We prospectively analyzed 21 patients aged 6 months to 8 years, mostly boys (71.4%), predominantly exposed to alkaline agents such as bleach (52.4%) and pipe openers (38.1%). Presenting symptoms ranged from mild signs like drooling and agitation to severe manifestations including hematemesis and altered consciousness. Patients who ingested bleach or descalers generally had normal or mild esophageal, laryngeal, and tracheal injuries on endoscopy and bronchoscopy, with no symptoms or complications after one month. Conversely, pipe opener ingestion resulted in more severe tissue damage (usually grade 2B or higher) evident throughout the esophagus and airway, with symptomatic complications such as dysphagia and esophageal strictures during follow-up.
Importantly, a significant correlation emerged between bronchoscopic and endoscopic findings. Patients with normal bronchoscopy typically had normal or minimal esophageal injury, while those with localized airway damage had limited esophageal involvement (grade 2B). Severe airway deformities, such as epiglottic and pharyngeal abnormalities, corresponded with extensive erythema and mucosal injury across the esophagus and stomach (grades 2B–3A). This indicates that airway injuries may parallel or predict gastrointestinal severity — crucial information for airway management and nutritional planning.

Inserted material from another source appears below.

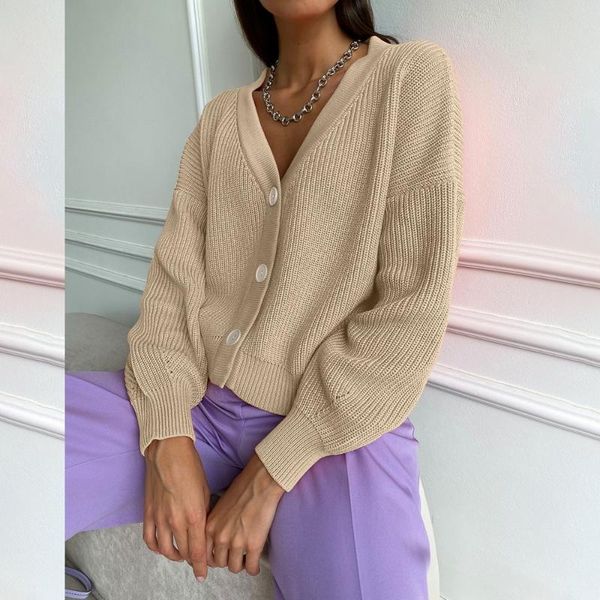 women's knits & tees 2021 casual v-neck knitted loose cardigan women buttons lantern sleeve sweaters female basic white autumn winter
women's knits & tees 2021 casual v-neck knitted loose cardigan women buttons lantern sleeve sweaters female basic white autumn winter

Although initial symptoms were not always statistically predictive of clinical outcomes, a meaningful association was observed between early clinical signs and subsequent complications. Only patients asymptomatic at presentation remained complication-free at one month. Those with mild symptoms (e.g., nausea, tongue or lip edema, abdominal pain) often remained asymptomatic later but were not necessarily free of complications.
These findings support the clinical value of simultaneous bronchoscopy and endoscopy, especially when respiratory symptoms or upper airway involvement are suspected. Assessing both airway and gastrointestinal tracts comprehensively allows better classification of injury severity, guides management, and justifies repeat evaluations in patients with initial injury grade ≥ 2B or persistent symptoms to monitor late complications like strictures. This approach aligns with current guidelines emphasizing surveillance of moderate to severe injuries.
In summary, it is recommended that bronchoscopy be performed based on endoscopic findings and Zarger grading criteria. According to our results, simultaneous endoscopy and bronchoscopy are advised for grade 2b and above, as bronchoscopy findings often correspond with the severity of endoscopic injury and aid in prognosis and management.